Ingredients
- 5 small corn tortillas, cut into strips
- 3 teaspoons vegetable oil, divided
- 1 pound boneless, skinless chicken breasts, diced
- 1 small yellow onion, diced
- 8 ounces Greek cream cheese, softened
- ¾ cup enchilada sauce
- ¼ teaspoon ground cumin
- ⅛ teaspoon cayenne pepper
- ¾ cup low sodium chicken broth
- 1 (14 ounce) can low sodium black beans, drained and rinsed
- 1 (14 ounce) can sweet corn kernels, drained and rinsed
- 1 (10 ounce) can diced tomatoes with chilies (such as Rotel brand)
- Sliced avocado and cilantro leaves for serving (optional)
Instructions
- Heat 1 teaspoon of vegetable oil in a 3-quart or larger Dutch oven or other heavy-bottomed pot over medium heat. Add the tortilla strips and fry until crispy, about 2 minutes. Remove with a slotted spoon and set aside.

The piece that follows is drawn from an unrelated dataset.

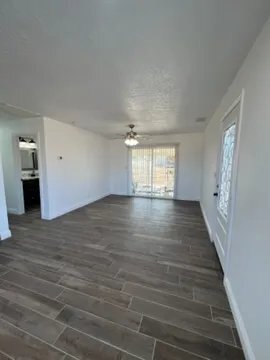 Building Photo - 8788 Oakwood Ave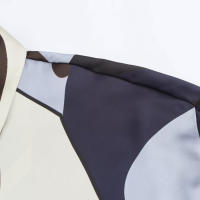 TRAFZA 2025 Camisa estampada de satén de seda a la moda de primavera para mujer, blusa con puños enrollados y botones ocultos, Tops elegantes informales para mujer - details 3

- Add the remaining 2 teaspoons of oil to the pot and turn the heat to medium-high. Add the chicken pieces and diced onion; cook 7-10 minutes until chicken is browned and cooked through.
- Meanwhile, puree the cream cheese, enchilada sauce, cumin, and cayenne pepper in a small food processor (or beat using a hand mixer).
- Add the broth to the chicken pot, followed by the cream cheese mixture. Stir in the beans, corn, and diced tomatoes. Simmer over medium-low heat for 5-10 minutes, until warmed through.
- Serve topped with tortilla strips, cilantro, and avocado.